The dream of Song Sung Blue |
The year is young, but you are not likely to encounter in 2026 at the cinema two people who love life more than Mike Sardina and Claire Stingl in the wonderfully entertaining new movie Song Sung Blue.
Mike, played by a rangy, companionable Hugh Jackman, is a striving singer in Milwaukee who has battled the bottle, cannot consistently pay his mortgage, and keeps himself going by appearing at the state fair dressed up to look (and sound) like Don Ho. Claire, meanwhile, is a single mother nursing her own dream of supporting herself with her voice, but she, too, pays the bills by impersonating a formerly famous star (Patsy Cline) and, in her case, by doing some hairdressing on the side. “I just want to sing and be happy and feel loved,” says Claire, who is played by Kate Hudson in a career-shifting role that finally liberates her from deathly dull romcoms and revives the spunky spirit that charmed audiences a quarter-century ago in Almost Famous (2000).

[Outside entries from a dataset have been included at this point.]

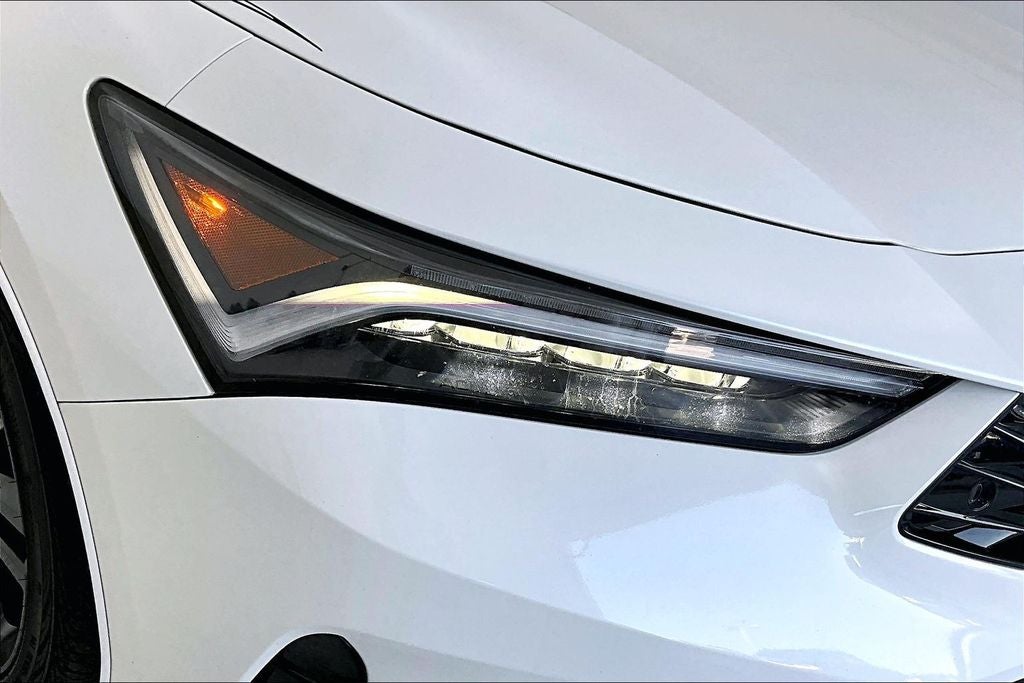 2025 Acura Integra A-Spec Tech Package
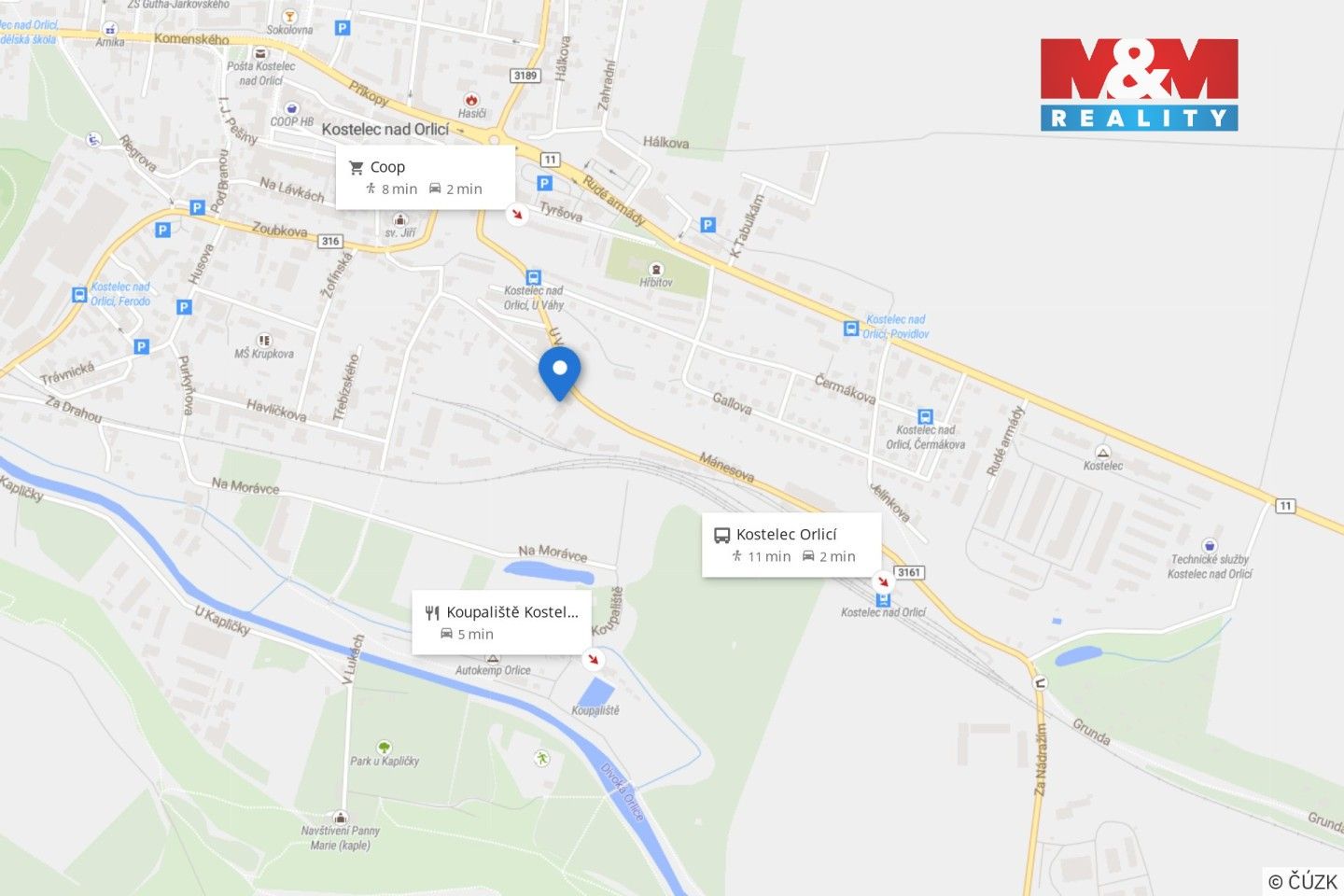 Pronájem nemovitosti 150 m² - foto 8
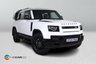 USED 2024 24 LAND ROVER DEFENDER 110 3.0 D300 MHEV X-Dynamic S Auto 4WD Euro 6 (s/s) 5dr 360 Camera, Heated Seats,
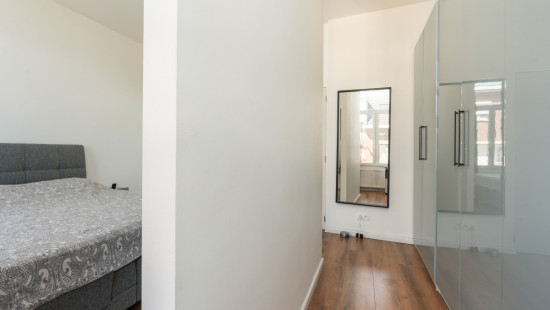 Heistraat - 121 - - 2610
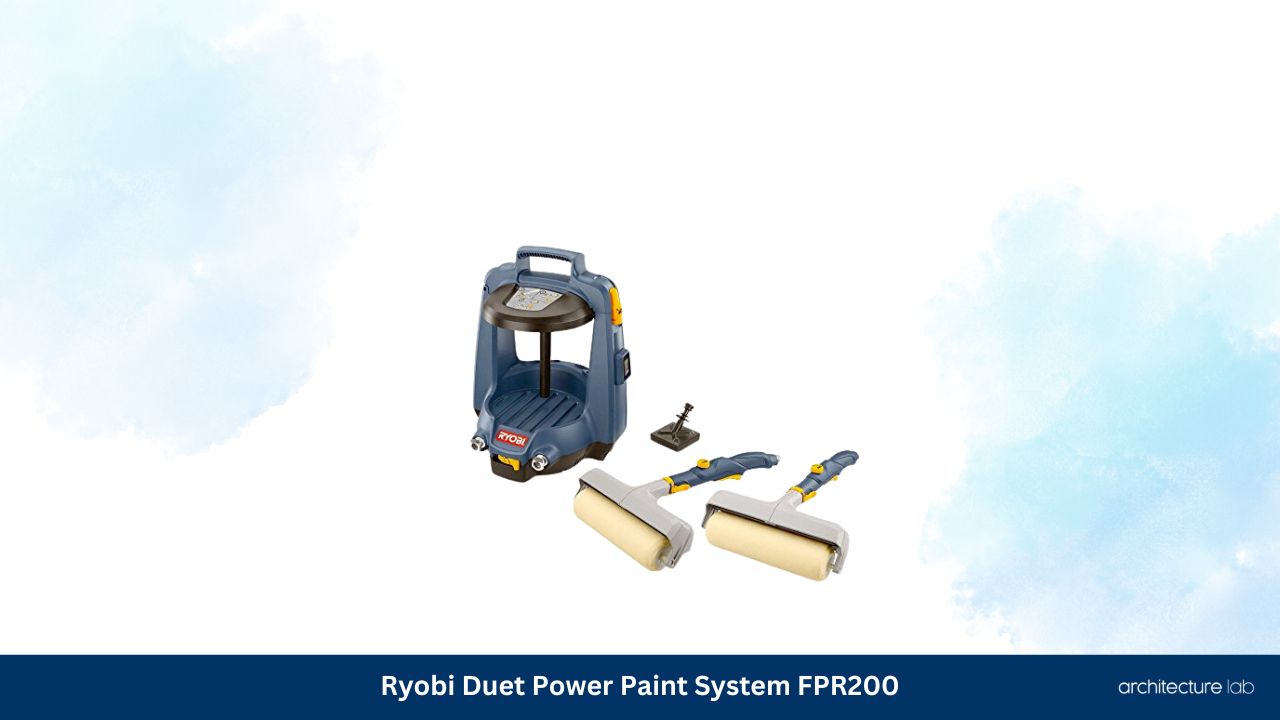 5 Best Electric Power Paint Roller Of 2024
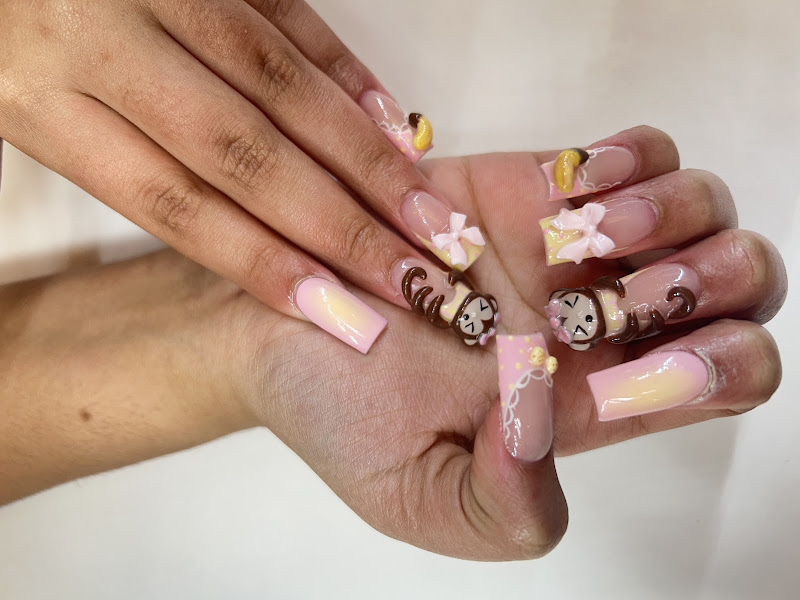 GENOVA NAIL SPA SUGAR LAND 4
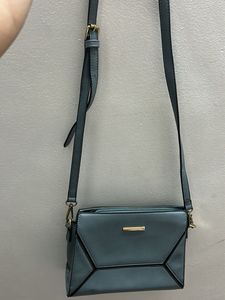 Blue Handbags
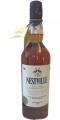 Nestville 2009 Single Barrel S01981 40% 700ml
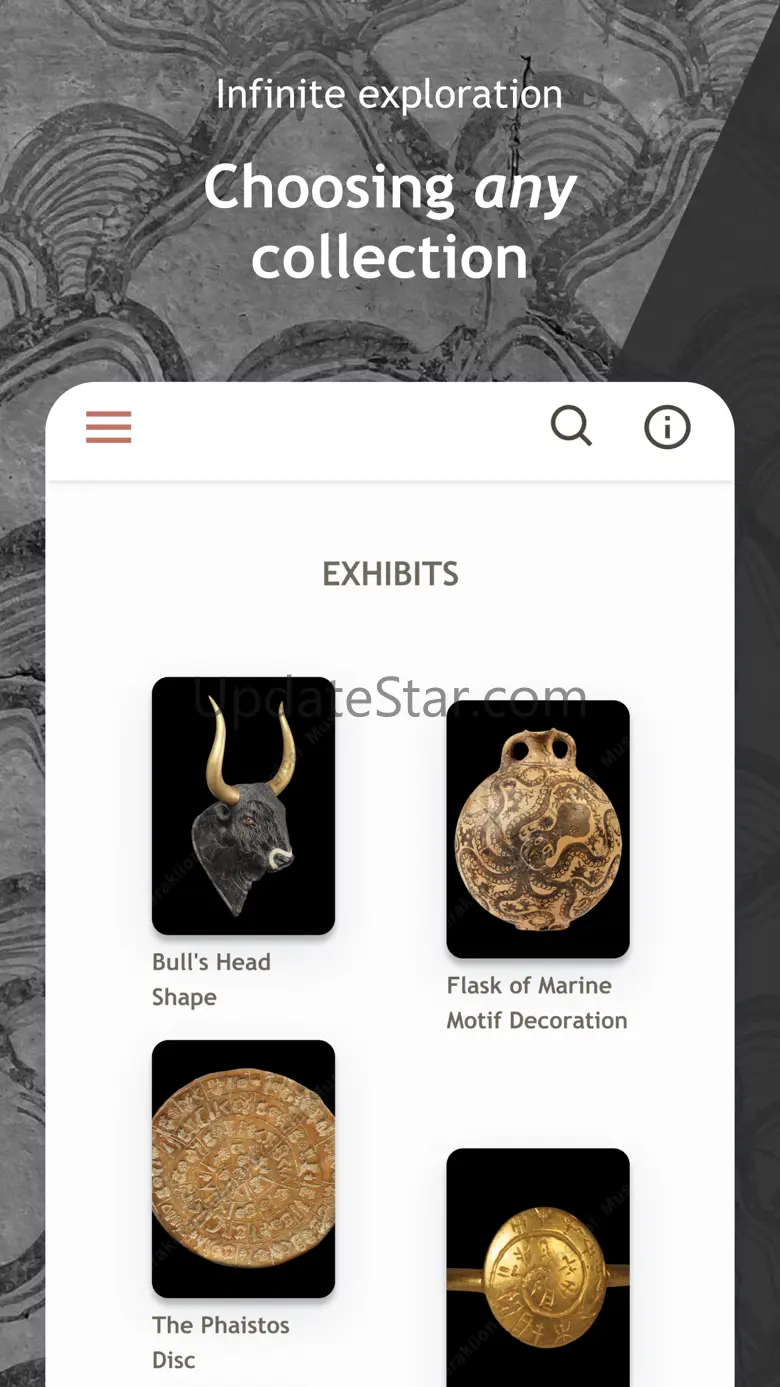 Heraklion Museum 1.0.4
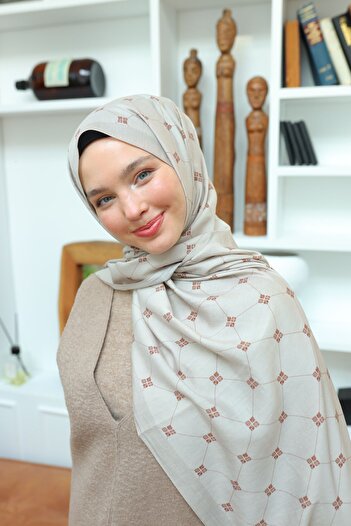 Silk Home Olinda Şal 49003-83
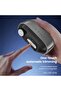 3-in-1 Electric Nail Clipper & Electric Nail Trimmer with LED Light - 2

But it’s not just the charisma of Jackman and Hudson alone that makes this movie sing: it’s Mike and Claire — real people who were the subject of a documentary in 2008, also called Song Sung Blue. Both the film and the earlier documentary charted Mike and Claire becoming a couple, matrimonially and musically. Pooling their resources, they performed as Lightning & Thunder, ostensibly a Neil Diamond tribute act, but realized with such conviction and flair that it transcended its parasitic origins. Mike died in 2006.
Writer-director Craig Brewer resists the temptation to make Mike and Claire in any way pitiful or worthy of derision. To the contrary, though the film is frequently funny, Brewer takes their ambitions and reversals seriously. For example, the film opens with an unforgiving close-up of........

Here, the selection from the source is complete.